Where both Stella and Yuki are about as undefined and bland as heroines come, (despite audience already getting hints to their own circumstances), the characters surrounding them are at least marginally better in the writing department and really sell the point home of what the war is costing both sides. After the short time spent getting to know the various faces of both factions and their own aspirations, it is heartbreaking to see them exit the stage in brutal ends as the conflict ramps up. If anything, the rising body count is the strongest element of the series in both a directorial sense and actual catalyst for what is to come. That being said, the major issue with The Price of Smiles is that it manages to subvert and lessen the character moments it so diligently works for with the introduction of the main cause of the war – something that is both implemented poorly into the story and an easy deus ex machina for the writers not having to properly think about. Granted that this particular element is only one of a few glaring plot points, since it is so deeply tied into the conclusion and overall focus, it is hard to ignore and even more difficult to write off as mere shoddy execution.
In comparison to the series creating and destroying any lasting impact it tries to nurture, the animation and art quality also seems to be another area in odds with one another. Never exceeding the violence level for a PG-13 film, many of the action sequences series look stunning and aids in encapsulating the atmosphere and theme of the series. Of course, Tatsunoko Production does have the occasion gaff or goof that slips through the cracks that shouldn’t ruin these moments too much, yet are noticeable to a certain degree. On the other hand, the artwork is without much to complain about: boasting beautiful backgrounds and set pieces that further support the series. In another striking comparison, the soundtrack by Tsubasa Itō does add to the series and keeps it from veering into melodrama territory. Outside of that, the opening and ending themes also contribute to the overall atmosphere and pleasant as standalone tracks.

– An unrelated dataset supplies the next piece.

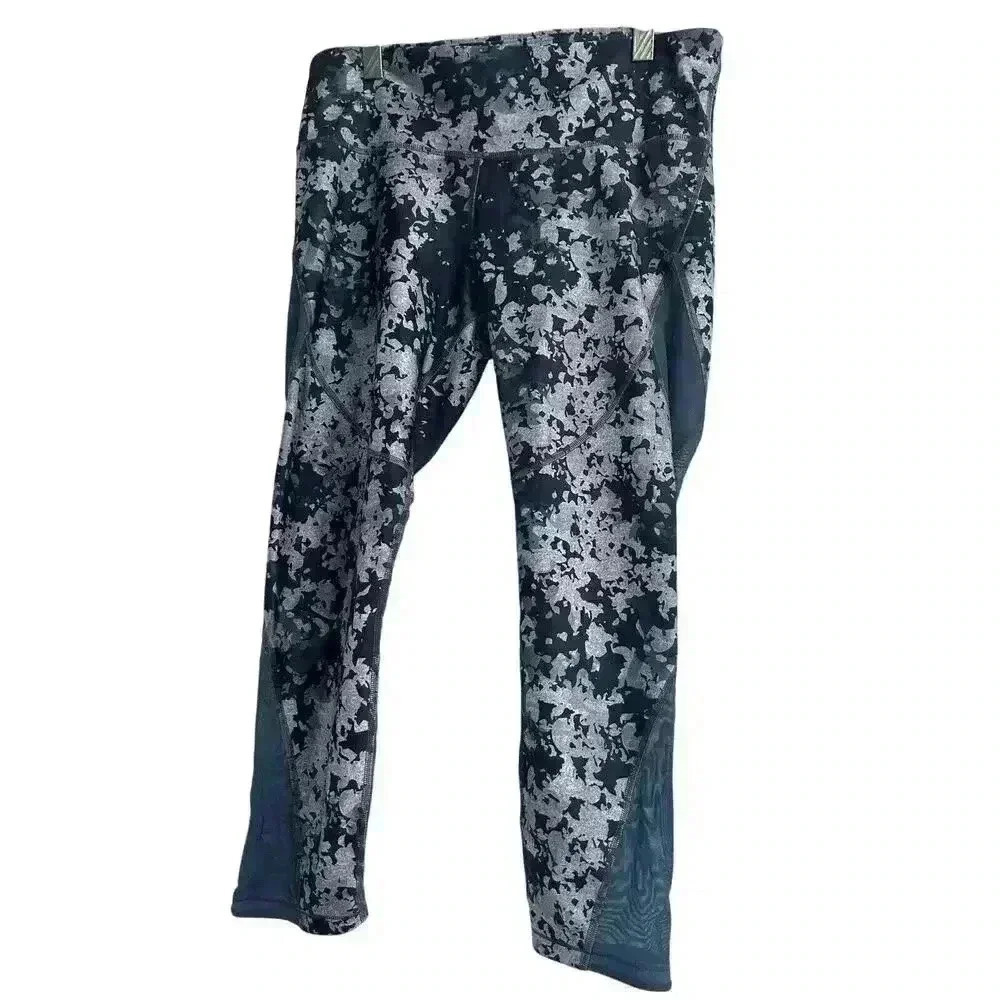 Under Armour women’s heat gear compression capri leggings XL Vented Workout Pant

Given the fact that The Price of Smiles can count itself as a one-trick pony in what it intends to do for the audience, I can at least say that the trick, like so many other common concepts, never gets tiresome, yet carried out so inadequately. With all the many predictable twist and turns fueling the desire to see more, it is the follow-through and ultimate conclusion that leads to so much unsatisfying anguish in the worst way possible. Having so many other series out there that succeeds in capturing the beauty and brutality of war, The Price of Smiles inches close, yet still so very disappointingly far.
Final Verdict: Doing well at exploring the irreconcilable and necessary evils of battle, The Price of Smiles is a series that has it’s heart in the right place with poignant moments and motifs to match. However, when putting it all together in a coherent and viewing format, it is a series that sadly can be skip and even be deemed a waste of time.